Not the most apt of comments, thought Matthew. Bricks and mortar and furnishings are the least of what one misses. Well meant, though, I don’t doubt.

There was a silence. They were in Whitechapel Road now; tower blocks cohabited with the struggling remnants of the old East End. Asian Supermarket; Bangladeshi Welfare Association; The Horse and Jockey. A new development like a clutch of shining white silos rose above a grubby nineteenth-century terrace.

“No chance of a ” rapprochement?” said Tony.

“None whatsoever, I’m afraid.”

Tony sighed. In sorrow or disapproval? “Pity. There it is, then. Do bring Jane to see us sometime.”

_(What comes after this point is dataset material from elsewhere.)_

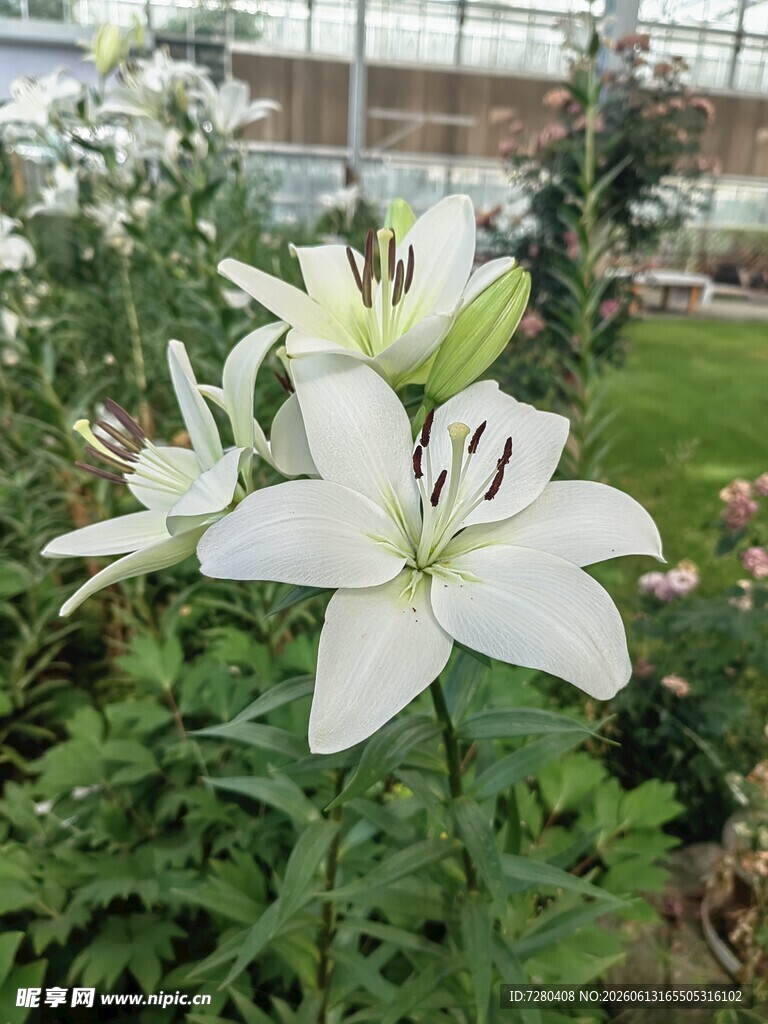 清新白色百合花绽绿叶间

“It was simply that the marriage ran out of steam, you know,” said Matthew. He felt provoked to further comment, was exasperated with himself even as he spoke. “Went dead. I don’t have anyone else in mind, and nor does Susan, so far as I know.”

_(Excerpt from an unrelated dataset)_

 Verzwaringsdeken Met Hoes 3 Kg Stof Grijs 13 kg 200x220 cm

“Oh, quite,” said Tony. “One hadn’t supposed ” Not that it makes the situation any better, I imagine.”

No, it certainly doesn’t. Too right it doesn’t.

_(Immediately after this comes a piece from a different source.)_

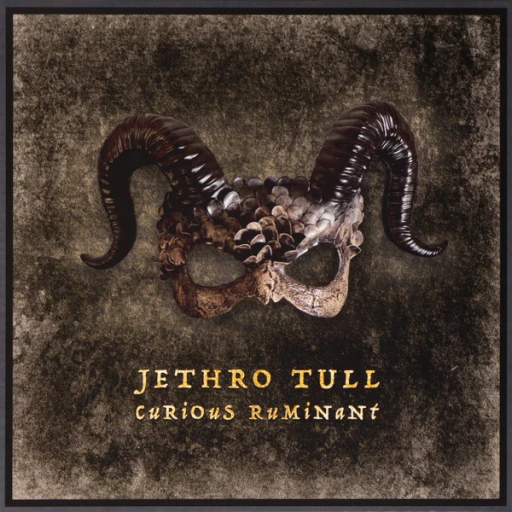 Виниловая пластинка JETHRO TULL Curious Ruminant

“As I say, we’d love to see Jane. She might enjoy the deer in Richmond Park.”

“I’m sure she would.” The deer, the river boat, you name it. This city is laid out for entertainment; that is its function. On alternate weekends we sample the city, Jane and I; parks, museums, funfairs, the zoo. We are instructed and amused. Millions are spent on our edification and our enjoyment. A good deal is spent by me. There must be no time to brood, to regret, to question. And in any case we are both energetic people and inquisitive by disposition. It is just as well I am not obliged to spend this precarious section of my life in the middle of Dartmoor.

“I must say,” said Tony, “nothing would induce me to live down here.”

They are entering Docklands, the land of promise, the city of the new decade, of the new century. It is a landscape of simultaneous decay and resurrection; glass, steel and concrete rear from the mud and rubble of excavation. The meccano outlines of cranes preside as far as the eye can see, the completed buildings are monolithic glass structures in whose serene surfaces of smoky grey and greenish-blue there float the soft mountain ranges of the clouds. Below them, the few surviving terrace houses of Limehouse, of Poplar, of Shadwell seem to crouch in some other time-band. The docks themselves still glint pewter in the sunshine–that ancient sequence of inlets and harbours: East India Dock, Surrey Docks, Canary Wharf, Millwall. The names alone have resonances that range over time and the globe–the spice trade, India, tea, rice, copra, jute, clippers and schooners, frigates and men o’ war, whales, coal and timber. This place is hitched to Bombay and Calcutta, to Singapore and Hong Kong, to Jamaica and Trinidad and Greenland and Suez. In the empty waters lies the beached carcass of a barge, defunct at the feet of the bright cranes. Commerce has always presided here; the place has always looked forward, round the next corner, into the next decade, as men have turned a shrewd gaze upon the world and seen where to put their faith and their investments. Fortunes have been made from pepper and timber and rum and silk and from exploitation. The figures toiling now on scaffolding and catwalks or down there in the mud have a long ancestry. A place of work; a place of wealth.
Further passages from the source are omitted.